Every so often you read one of the many rock biographies/autobiographies and you just can't put it down due to the stories and revelations within being so chilling and unbelievable. Glenn Hughes, The Autobiography-From Deep Purple to Black Country Communion is one such book. Written by the legendary vocalist/bassist, with help from Joel McIver, this 250 book takes you from Hughes' humble beginnings, though this time with the funky hard rock trio Trapeze, to his take-off with Deep Purple, the beginnings of his addiction to cocaine, the lost opportunities with Hughes/Thrall, Gary Moore, and Black Sabbath, the many years of 'darkness' where his addiction spiraled out of control, getting sober, and finding new life and love with a new wife, solo career, and the formation of Black Country Communion with Joe Bonamassa, Jason Bonham, and Derek Sherinian.

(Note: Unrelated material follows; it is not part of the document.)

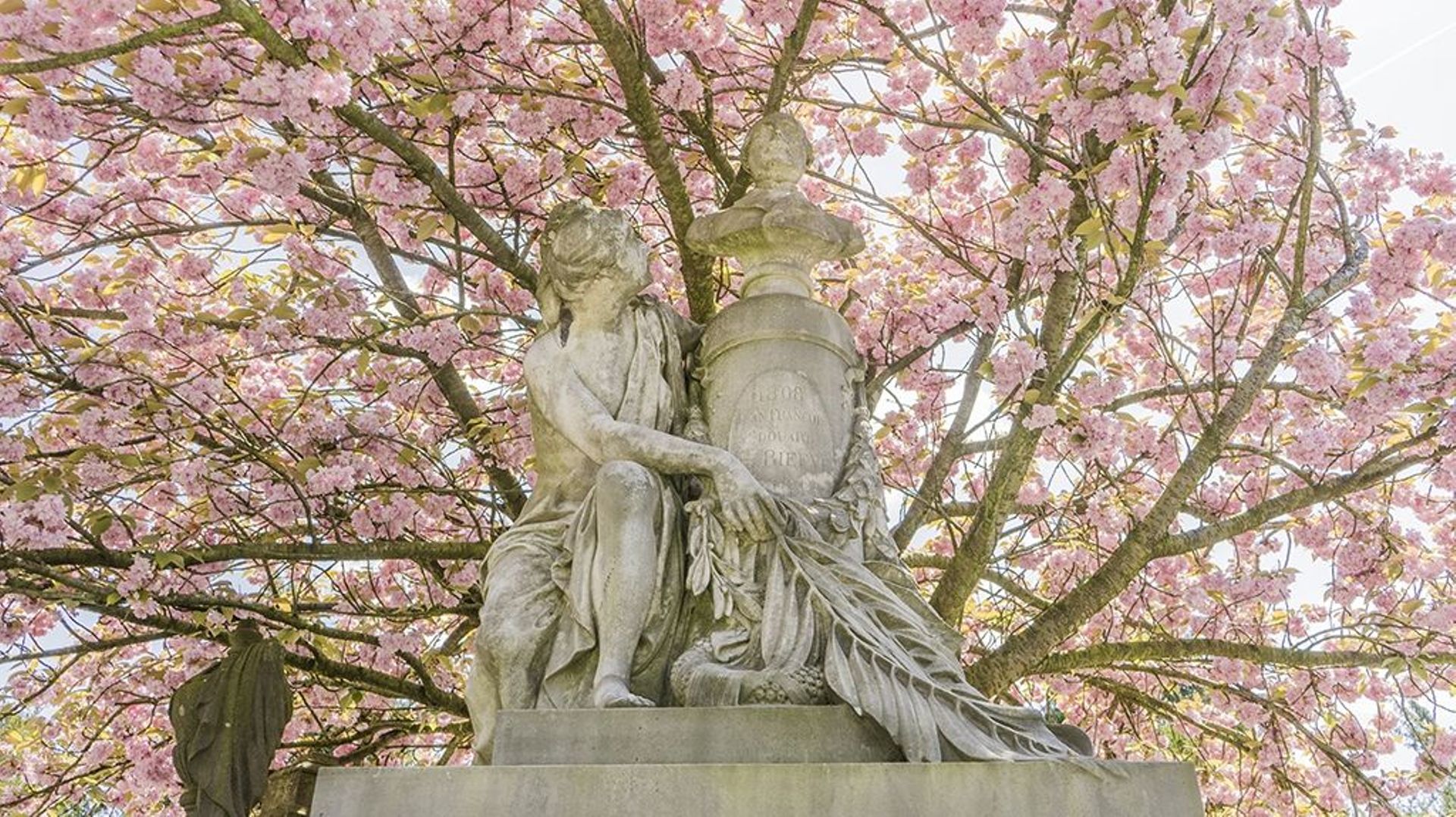 "Le printemps des cimetières" au cimetière de Laeken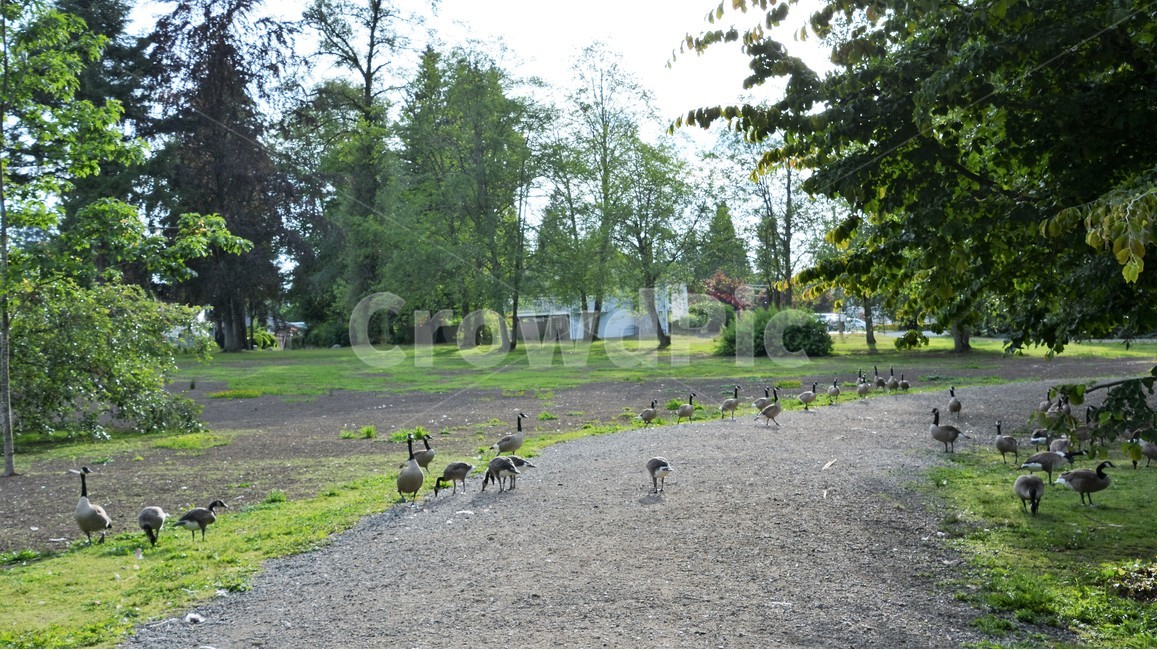 정원,오리,숲,오솔길,나무,평온,자연,풍경,nature,landscape,동물,animal,조류,새,birds,grass,잔디,plant,식물,bird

As far as stories of excess and soul shattering addiction goes, it doesn't get more harrowing than this. After reading Hughes' detailed accounts of his addiction to cocaine, crack, alcohol, and ecstasy, you'll scratch your head wondering how he made it through it all…roughly 20 years to be exact. Stories of his late night shenanigans with Tommy Bolin, Ron Wood, David Bowie, John Bonham, Rob Halford, Tommy Lee, Ozzy Osbourne, Tony Iommi, and many other notable rock stars, are revealed in stunning detail, as are his failed romances with Linda Blair, Cherrie Currie, American Gladiator 'Lace', Karen Ulibarri, Angela Bowie, and others. Throughout much of the book, Hughes documents how his main friend/lover/enemy throughout most of this time period was his addiction, which took priority over everything, even music. As sad, heart wrenching, and pathetic many of these stories are (and it must have been hard to Hughes to admit much of these events), his fight to get sober and eventually attaining his sobriety in the late 90's, is an inspiration.
If you've ever been a fan of Glenn Hughes, you really need to read this book. While at times the stories he tells come from all over the place, and pop in and out of chronological order, it stays pretty consistent and follows the path from innocent musician/singer looking to become a rock star, attaining that success in one of the biggest bands in the world, falling into the wrong crowd, nearly dying from a horrible drug addiction, having the industry almost give up on him due to his mess of a life, and redemption after battling and beating his demons. Lots of time is spent talking about the music made with the many bands and musicians he's worked with, in addition to all the sex and drugs that go along with rock & roll. It certainly ain't pretty, but it's a damn fascinating read.